Google Drive flags macOS '.DS_Store' files for copyright violation

notRobot · on Feb 19, 2022

Stop throwing poorly implemented and untested ML/algorithms at every problem, dammit. It just leads to problem after problem.

I dunno why, but the people working at tech companies really seem to believe that computers can do no wrong. Which is obviously not true.

And then they don't even have an appeals process where a human with basic common sense can see what went wrong. Nope. You just lose access to all your stuff.

_fat_santa · on Feb 19, 2022

The author speculates that this was just a hash collision. Seems like the most plausible scenario in this case.

m-p-3 · on Feb 19, 2022

Seems like only comparing a checksum is a recipe for disaster, especially when hosting an enormous amount of files. Comparing checksum (or multiple checksums) and file size would drastically reduce the amount of false-positives.

DoctorOW · on Feb 20, 2022

Googling DS_Store it contains the folder customization metadata which backs up my first instinct. These are almost certainly identical byte for byte recreations of DS_Store with probably default settings.

aasasd · on Feb 19, 2022

Neither hashes nor file sizes are how copyright works—I don't make a work free by adding a space to it. So it would be a bit weird if Google implemented it that way. Rolling hashes—maybe.

It's a pity that we don't get to see the supposed ‘copyright holder’ like on YouTube—it would add nicely to the bureaucratic surrealism.

I wonder if the Docs team saw how great and flawlessly YouTube's ‘Content ID’ works, and implemented about the same. And now they match files against some clerk's entire disk that was uploaded into the system.

notRobot · on Feb 19, 2022

Hey, maybe don't do hash checks on files less than 1KB in size? It's not difficult to solve.

gruez · on Feb 19, 2022

What hash are they using? CRC32/CRC64? Even md5 shouldn't produce collisions unless you're actively hunting for them.

notreallyserio · on Feb 19, 2022

I'd be kind of shocked if that was the case. Either it means that Google isn't also comparing file sizes or that whoever is creating these tiny DS files/one-byte files is incredibly lucky matching tiny copyrighted material.

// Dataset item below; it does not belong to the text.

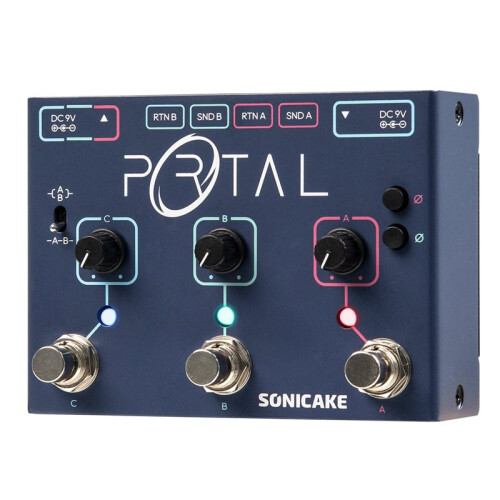 SONICAKE QDS-06 Portal Active Signal Mixer, Analog  Selector, ABY&FX Loop 3 Channels Multi Effects Pedal Footswitch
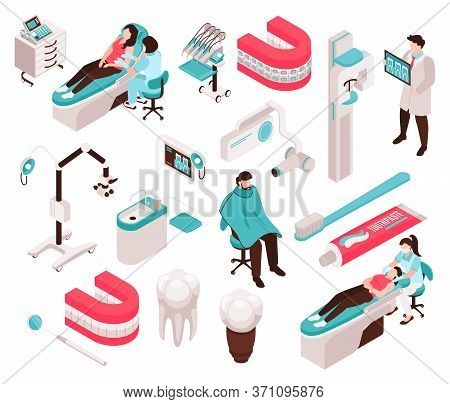 Isometric Dantist Dental Center Set With Isolated Medical Equipment Icons Tooth Implant Images And H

LorenPechtel · on Feb 19, 2022

Then use a bigger hash!

m-p-3 · on Feb 19, 2022

> but the people working at tech companies really seem to believe that computers can do no wrong.

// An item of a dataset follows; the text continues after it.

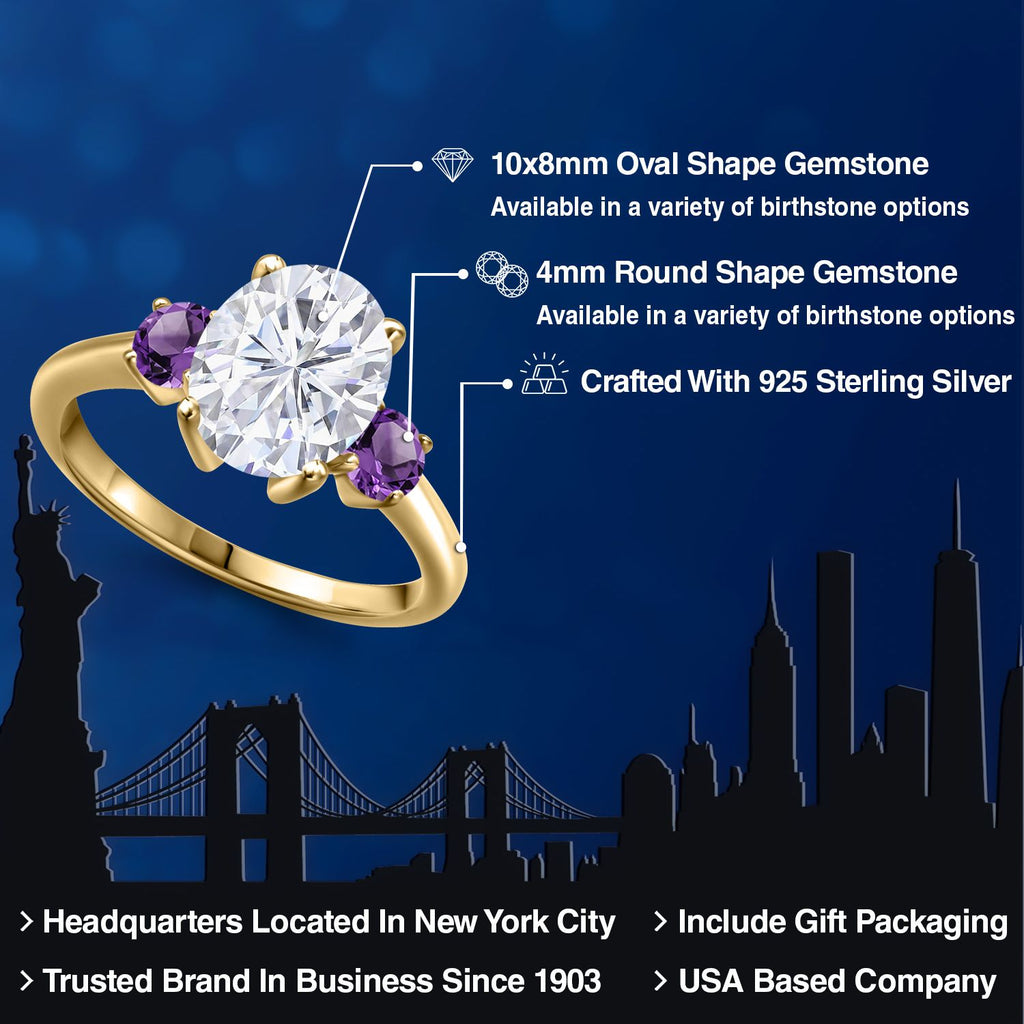 White Moissanite - April_5_Ring in 925 Yellow Gold Plated Silver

They confuse the computer being wrong with making a mistake.

The computer doesn't make a mistake, it does as it's told, but that doesn't mean what it's told to do isn't wrong.

hypertele-Xii · on Feb 20, 2022

You seem to be under the false belief that computers are actually infallable. They're not. Cosmic rays routinely flip bits in computers' memories, causing all kinds of one-off bugs and mistakes to happen.

kop316 · on Feb 19, 2022

About a month ago, it was found files containing a "1" were flagged too.

https://news.ycombinator.com/item?id=30060405

Terretta · on Feb 19, 2022

From the article:

Last month, Google Drive users were left baffled on seeing their nearly empty files being erroneously flagged for violating the company's copyright infringement policy.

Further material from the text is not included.